Bu hafta dünyanın dönüş hızı ve değişimin ivmesi açısından oldukça ilginç geçti. Öncelikle ABD'deki başkanlık seçiminin ilk ayağında oğul Bush'un, iki eyaletteki önseçimde diğer Cumhuriyetçi aday Mc Cain'in arkasında yer alması, bu ülkenin politik dinamiklerini yakından etkiliyor.
İlk dönemden beri Demokratlar'ın Başbakanlık seçimlerini kazanmış olması, bu kez Cumhuriyetçiler'in oy potansiyelini arttıran bir faktör. Ancak Mc Cain, ABD halkınca yeni yeni tanınmaya başlanan bir politikacı ve yeni kazanılmış popülerliğini Cumhuriyetçi Parti'nin alışılagelmiş karakterine karşı çıkmaya borçlu. Demokratlar cephesinde ise, diğer aday Bradley'ı şimdilik geride bırakan Gore'un şansının yükseldiği görülüyor.
Diğer coğrafyalara baktığımızda, Kosova'da etnik çatışmaların bitmediği, Rusya'nın Çeçenistan'dan vazgeçmediği göze çarpıyor.
Türkiye ile Yunanistan 'yeni keşfedilmiş' dostluklarını yudumlarken, AB çerçevesinde sürdürülen ilişkilerin öncesinden farklı bir boyut yakaladığı fark ediliyor.
Avusturya'da sağcı partilerin koalisyonuna ülke içinden ve dışından gelen reaksiyon ise, uluslararası kamuoyunun hassasiyetinin ulusal politikaları ne denli etkilediğini gösteriyor.
Ancak aynı hassasiyet, belli ülkelerin veya ülkeler topluluklarının Balkanlar, Ortadoğu veya Afrika'daki benzer ihlallere olan kayıtsızlığını değiştirmeyerek, politikanın halen bir güçler dengesi olduğunu bize yeniden hatırlatıyor.

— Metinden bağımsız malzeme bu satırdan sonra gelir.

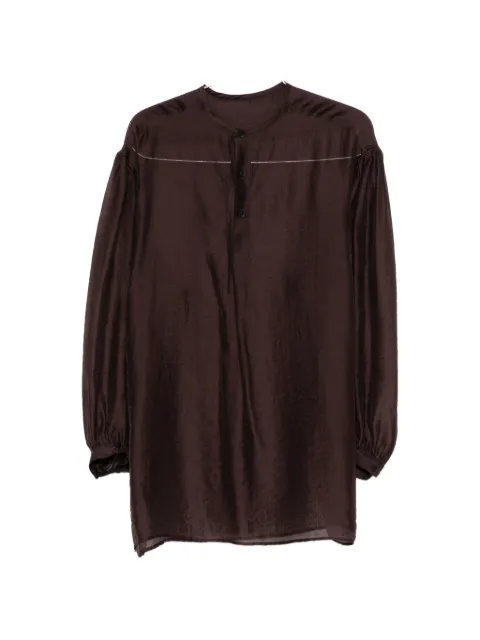 Yohji Yamamoto crew-neck shirt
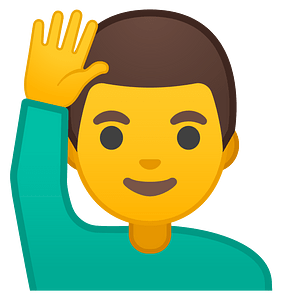 Noto Emoji Oreo 1F64b 200D 2642
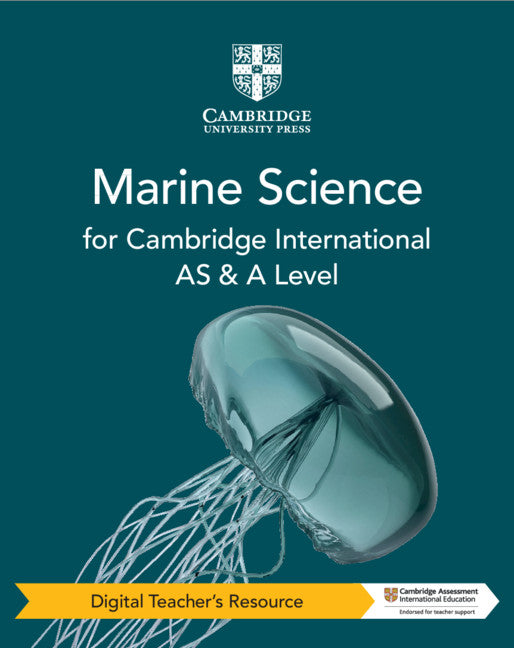 Cambridge International AS & A Level Marine Science Digital Teacher's Resource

Davos sonrasında Avrupa'nın Internet'li yaşam ve e-ticaret gibi konularda geride kaldığı vurgulanadursun, kablosuz iletişimin en önemli atakları ise bu kıtadan çıkıyor.
Büyüklüğüyle tarihin en dev birleşmesi olarak adlandırılan AOL-Time Warner'ı geride bırakan Vodafone-Mannesman anlaşması, İngiltere ve Almanya gibi iş kültürü anlamında pek de uyuşmayan iki ülkenin telekom ve iletişim sektörlerini yakınlaştırması açısından ilginç.
Vodafone tarafından yapılan teklife 3 aydır direnen Mannesman, sonuçta şirketin 198 milyar dolarlık biçtiği değere 'evet' demek zorunda kaldı. İki şirket birleşince, Asya ve Güney Amerika pazarlarına yayılma planları gündemde. Vodafone ve Mannesman'ın birlikteliği sonucunda 31 milyonu İngiltere'de olmak üzere 42 milyonluk bir müşteri kitlesine hitap edecekler.
Dünyada hem politik, hem de ekonomik anlamda büyük ve daha büyüğün ön plana çıktığını görüyoruz. Ulusal başarılar, bölgesel bir ağ ile beslendiğinde, kalıcılığı oluyor. Şirketler büyüdükçe ve uluslararası boyutta yarıştıkça, bu boyuta ulaşamayanlar er veya geç yarışı terk edecekler.
Ülkeler de aynı kaderi paylaşıyor. Kendi başına güçlü olabilecek bir ülke kalmadı gibi birşey. Ülkeler, ancak belli çokuluslu oluşumlarda yer aldıkça, mevcut güçlerini perçinleyebiliyorlar.
Dünya, yaşanan iletişim devrimiyle bir ölçüde küresel bir köye dönüşüyor. Yine de, daha büyük ölçüde, güçlünün de ötesinde, her anlamda 'çok güçlü'nün yumruğu altında şekillenmeyi sürdürüyor.